Mini isn’t so mini sometimes

Over the course of our careers as event planners we have come across several clients that want to throw a “big” party on a limited budget. To be realistic sometimes it just isn’t possible but there are times when you can give your guests the impression of  big quantities even on a limited budget.  Design a food buffet that creates a visual feast for your guests and gives them the subliminal idea of abundance. How can you do that, you ask? Here are some simple tips:

  • Use mini loaf pans and mini muffin tins, for your baked goods. A lot of bite sized items looks appealing.
  • Use lots of small colorful bowls. Fill them with dips, chips, veggies,  and candies. The more the better your buffet will look.
  • Use salad plates for slices of meats and cheeses or bite sized appetizers.
  • Make a punch and serve it in small pitchers with juice glasses.
  • Finish the look off with lots of small jars or glasses filled with candles  and flowers to complete the “mini” theme.

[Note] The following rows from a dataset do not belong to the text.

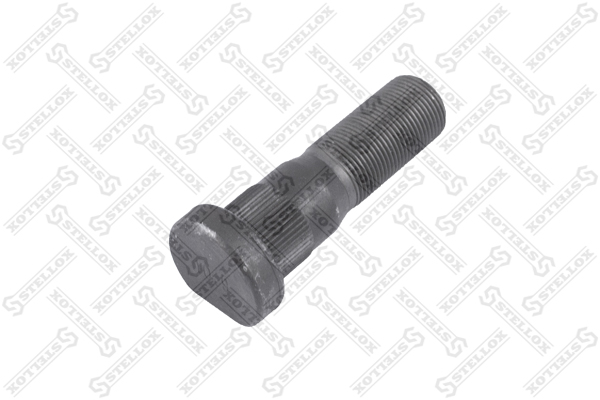 Болт колесный M22x1.5x79 RVI r/ae/g/m HCV - Stellox 85-18462-SX
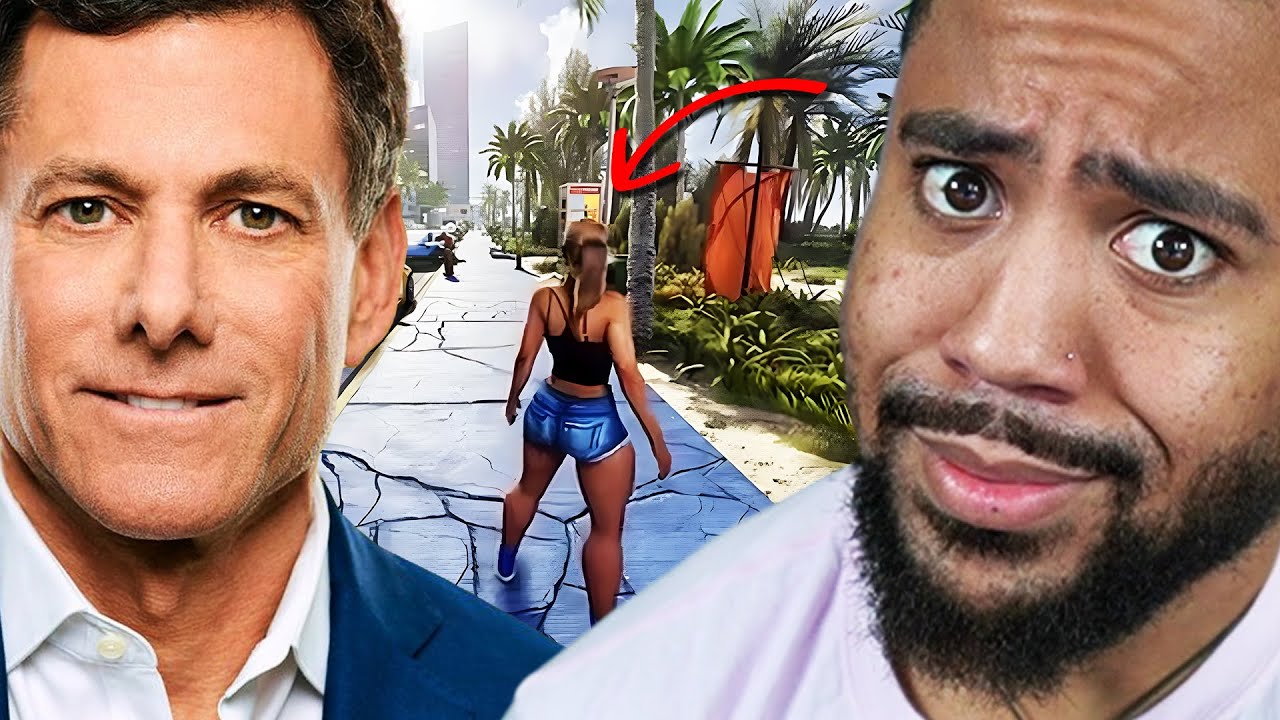 I can't DEFEND Rockstar's GTA 6 disc scheme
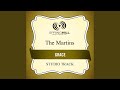 Grace (Medium Key Performance Track With Background Vocals)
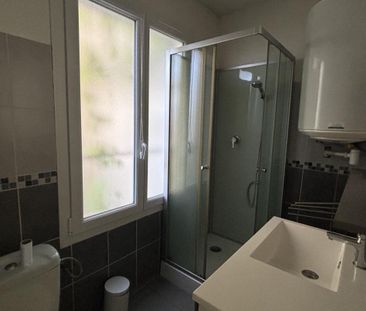 Location Appartement 1 pièce Meublé 18m² NANTES 44000 - Photo 4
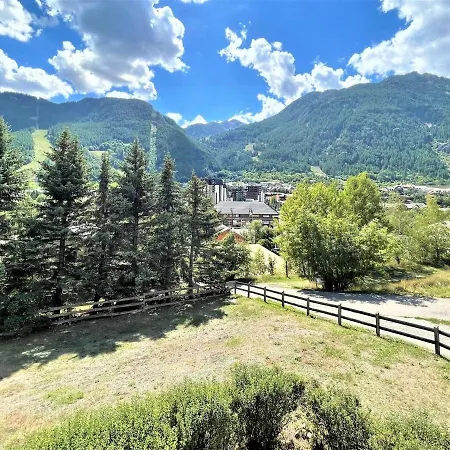 Apartment Pratique Avec Coin Montagne A La Salle-les-alpes, Parking Privatif - Fr-1-330f-208 *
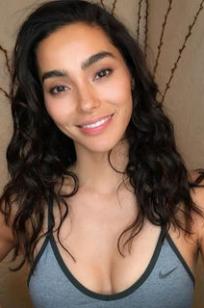 Adrianne Ho
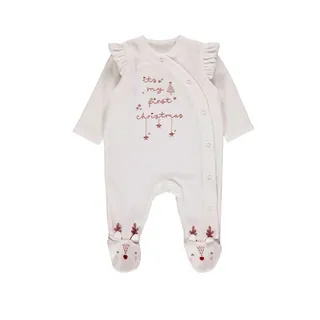 سرهمی نوزادی جورج مدل 18146242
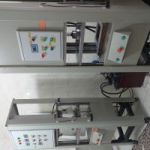 دستگاه فیلتر هوای نمدی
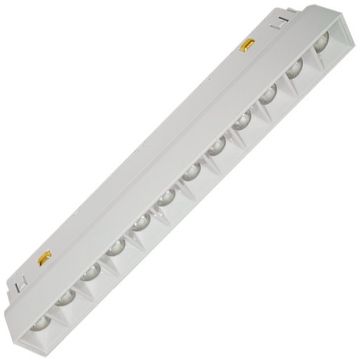 Sínreflektor MAGNETIC 2091-3W 3000K 8W/led 693lm IP20 a Zambelis-tól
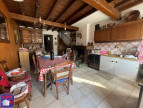 vente Maison Belcaire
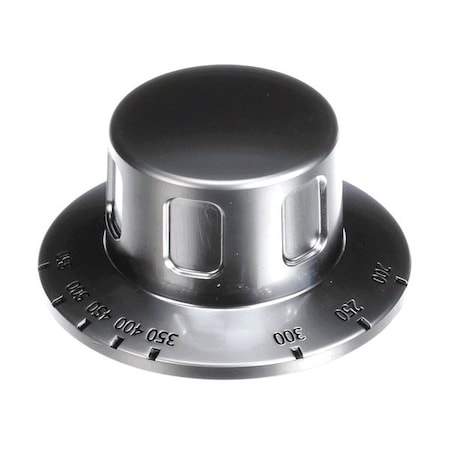 Imperial Itg/Ir Griddle T-Stat Knob New 39783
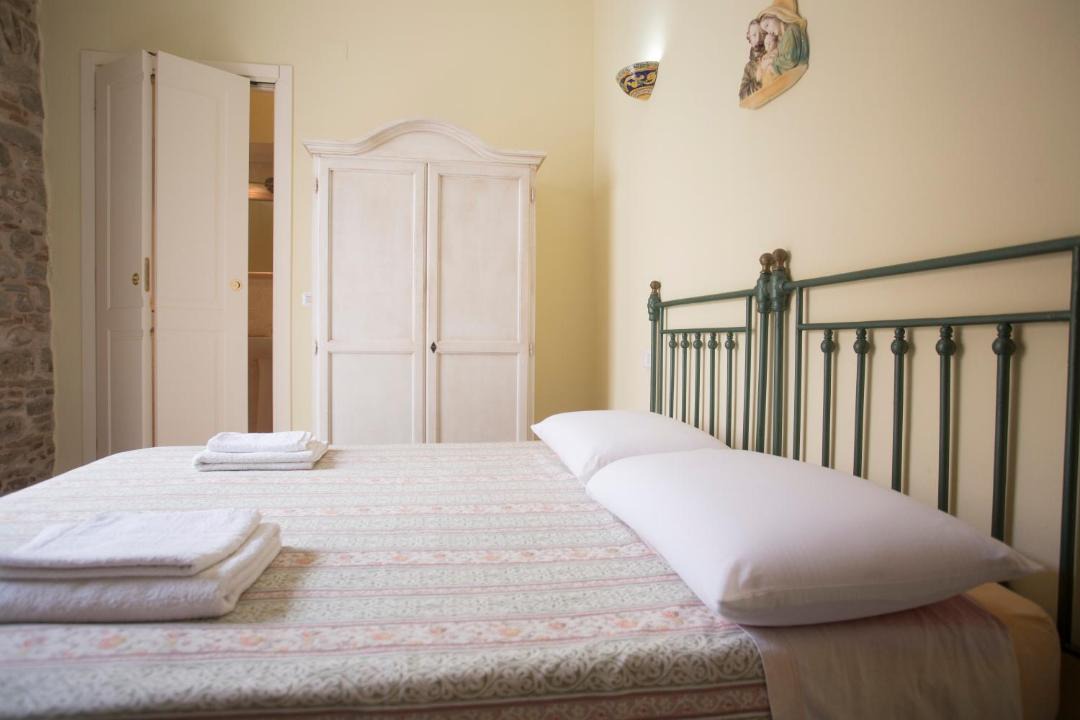 Photo of Bedroom in Rocca Imperiale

Guests will see a full table which will translate visually to a feast in their minds. When everything being offered to the guests is small in size guests will think it is your theme.  People won’t be wondering if you were trying to make things stretch on a tight budget. The thing to remember is that any scenario, any obstacle you see to being able to throw a party can be addressed with a little creativity.


Selecting a great caterer is like finding a needle in a haystack…or is it?

“Sharing food with another human being is an intimate act that should not be indulged in lightly.” —-M. F. K. Fisher

Well, here at PEC we completely agree with the above quote. Food is one of the most important elements in hosting an event. There are ways to cut corners, find deals and control the bottom line but the food is not where those cuts should be made.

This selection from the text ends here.